**Task brief**
The required output is the complete listing, copied word for word.

**Exercise data**
*** Block opens ***

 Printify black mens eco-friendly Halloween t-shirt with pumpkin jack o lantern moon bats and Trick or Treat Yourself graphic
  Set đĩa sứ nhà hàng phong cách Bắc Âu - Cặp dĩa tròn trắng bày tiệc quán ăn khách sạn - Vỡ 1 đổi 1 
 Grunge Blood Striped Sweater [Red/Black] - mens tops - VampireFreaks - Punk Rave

*** Block closes ***

**Exercise answer**
 Printify black mens eco-friendly Halloween t-shirt with pumpkin jack o lantern moon bats and Trick or Treat Yourself graphic
  Set đĩa sứ nhà hàng phong cách Bắc Âu - Cặp dĩa tròn trắng bày tiệc quán ăn khách sạn - Vỡ 1 đổi 1 
 Grunge Blood Striped Sweater [Red/Black] - mens tops - VampireFreaks - Punk Rave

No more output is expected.